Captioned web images
▶

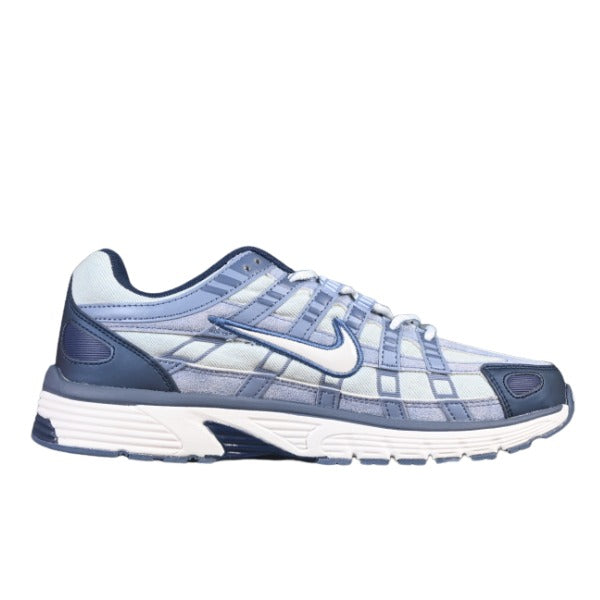 Nike P-6000 Light Blue and Silver Running Shoes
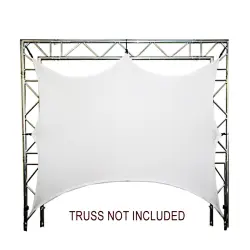 DURATRUSS Truss Screen 1,5x2m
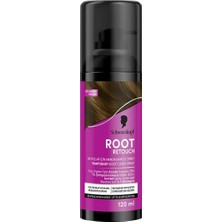 1001 Retoucher Beyazları Anında Kapatan Sprey Boya Koyu Kahverengi 120 ml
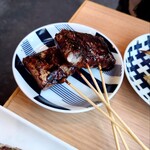 あぶりどりバリ鳥  秋葉原 - 焼き餅　甘醤油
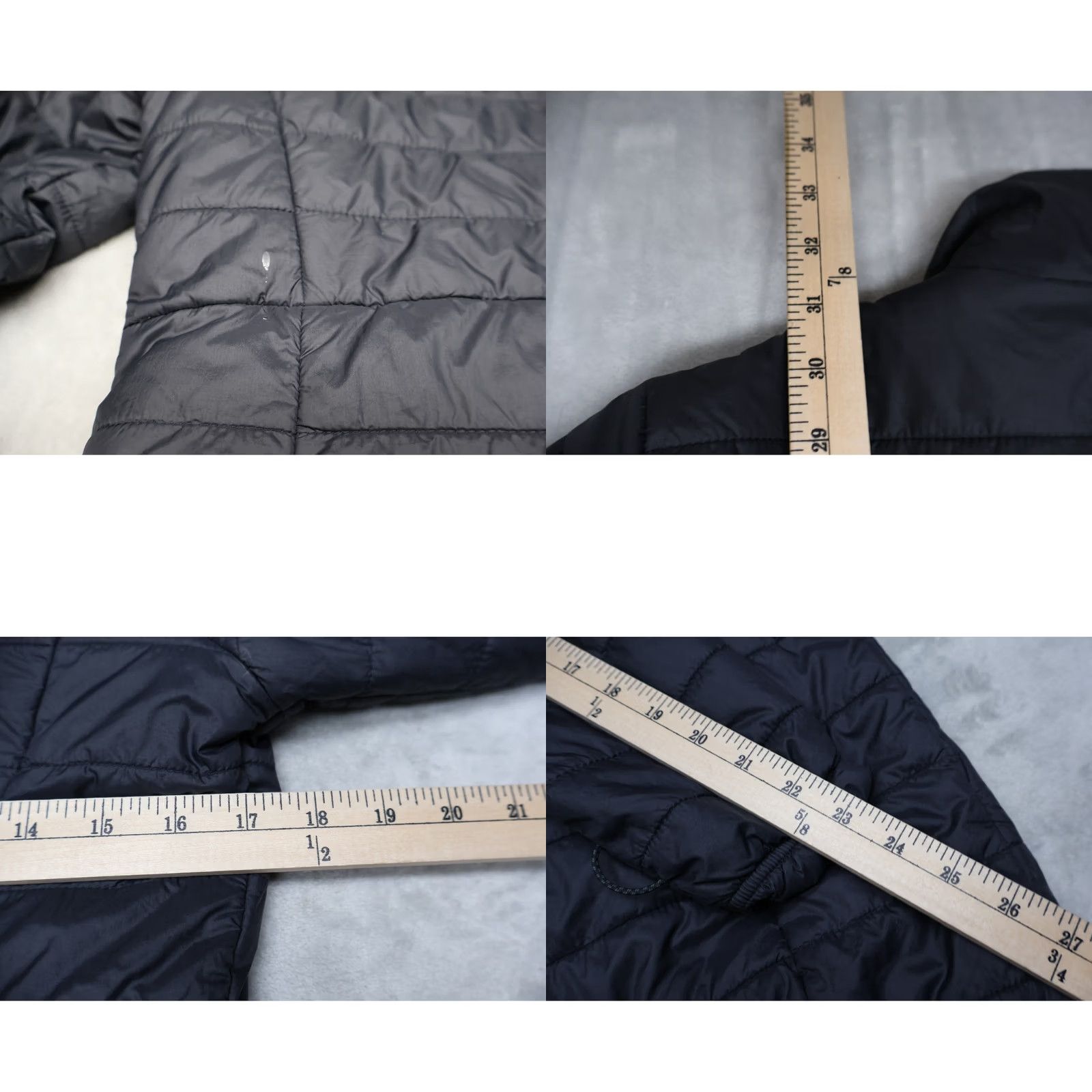 Vintage Columbia Jacket Womens Small Black Omni Heat Insulated Puffer Full Zip Size S / US 4 / IT 40 - 8 Thumbnail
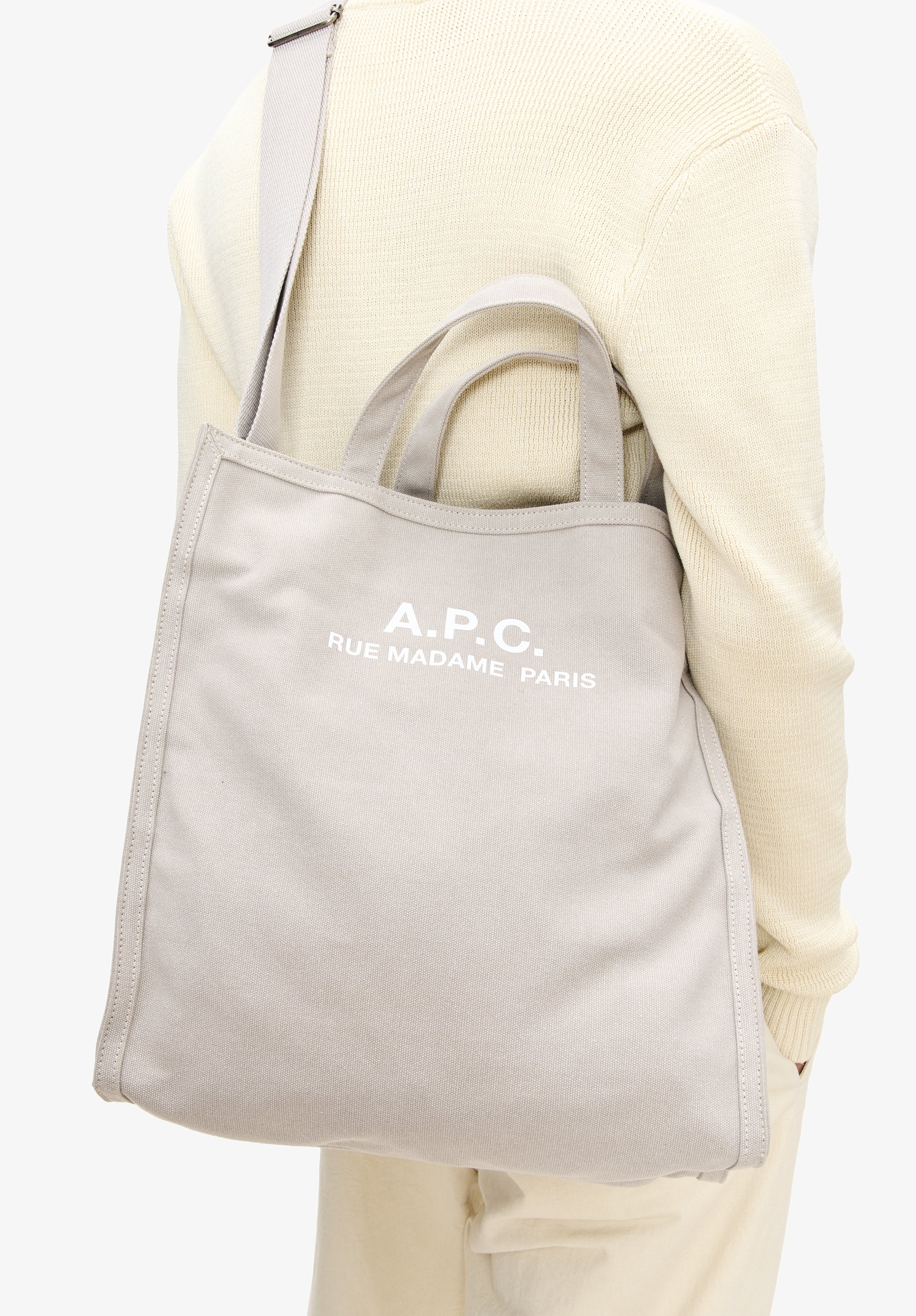 Recuperation shopper tote - 1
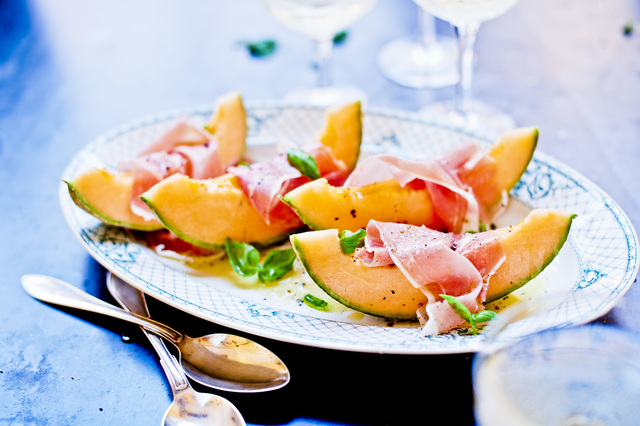 Melon med Prosciutto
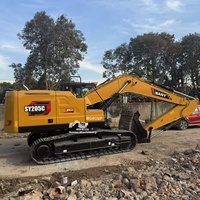 Excavatrice amphibie de 21 tonnes Sany 205C, équipement de construction lourd, excavatrice à vendre, machines utilisables sous l'eau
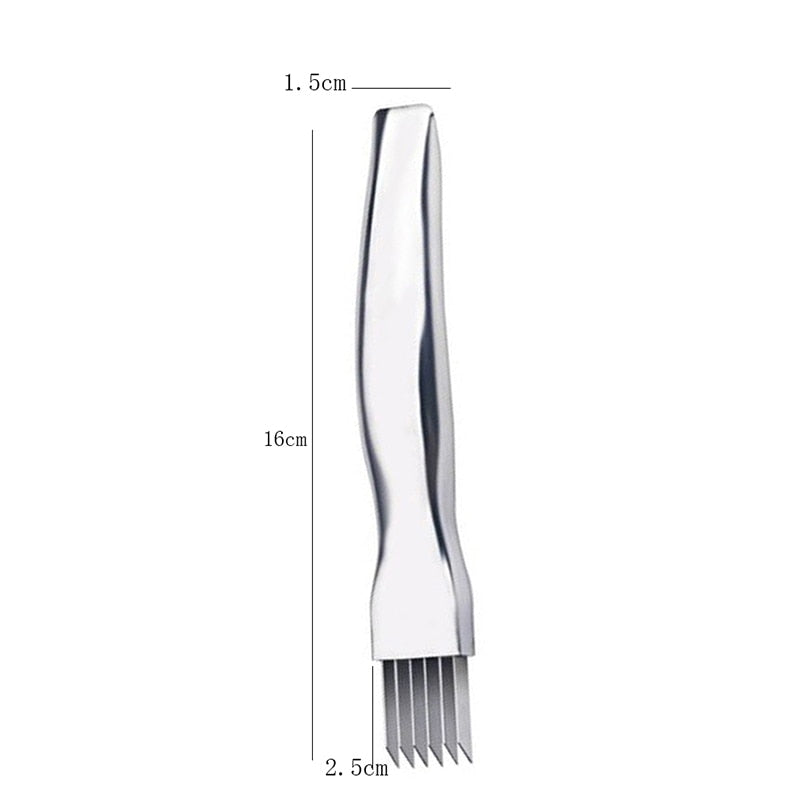 Cuchillo para cebolla de acero inoxidable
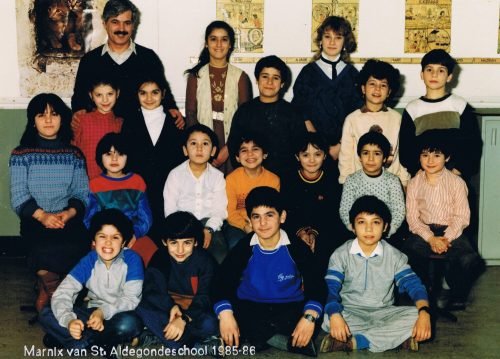 29-OALT-klas-Marnix-school-Leiden-1985-1986-scaled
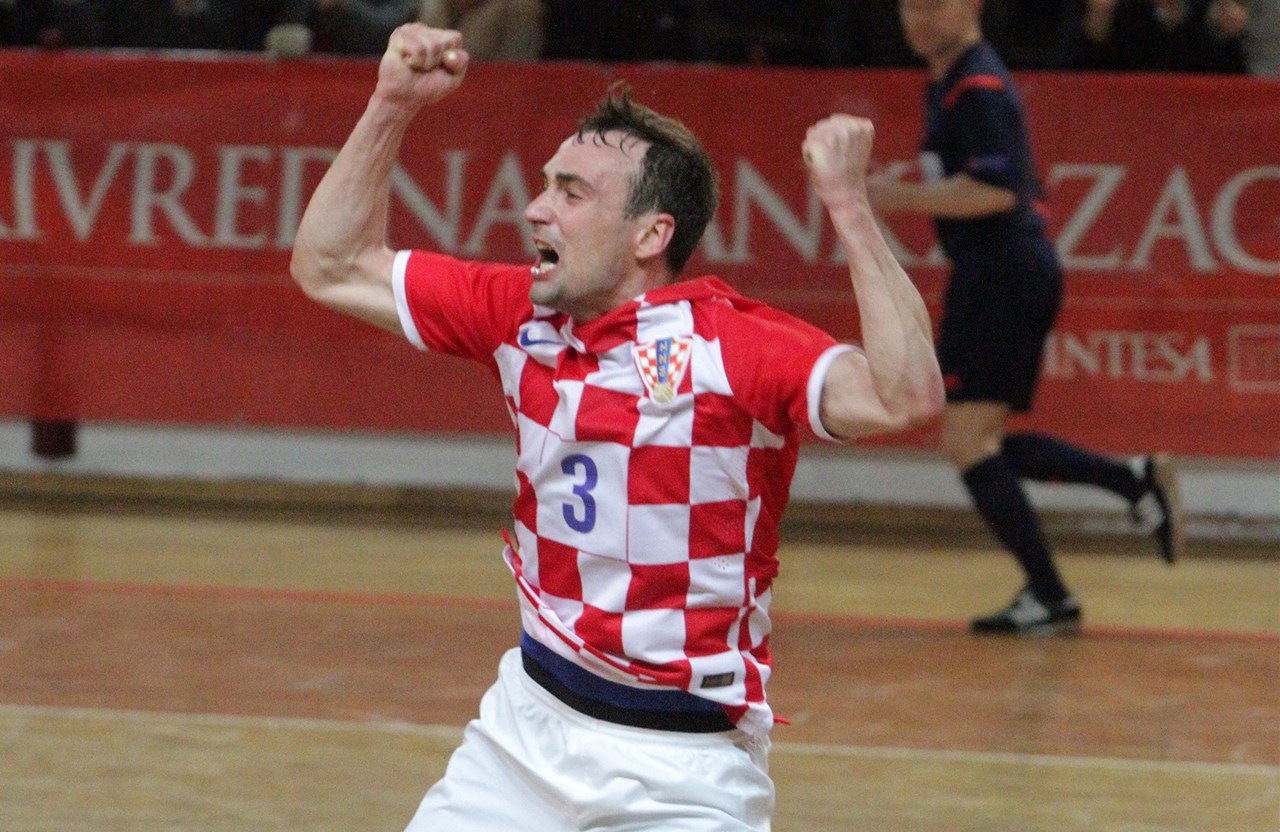 Three in a row: Croatia secures Futsal EURO berth!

◀

TASK PROMPT
Only the lines above from the one with "Recuperation shopper tote - 1" to the one with "29-OALT-klas-Marnix-school-Leiden-1985-1986-scaled" should be printed, both included and exactly as written; no picture belongs in the copy.

ANSWER BOX
 Recuperation shopper tote - 1
 Melon med Prosciutto
 Excavatrice amphibie de 21 tonnes Sany 205C, équipement de construction lourd, excavatrice à vendre, machines utilisables sous l'eau
 Cuchillo para cebolla de acero inoxidable
 29-OALT-klas-Marnix-school-Leiden-1985-1986-scaled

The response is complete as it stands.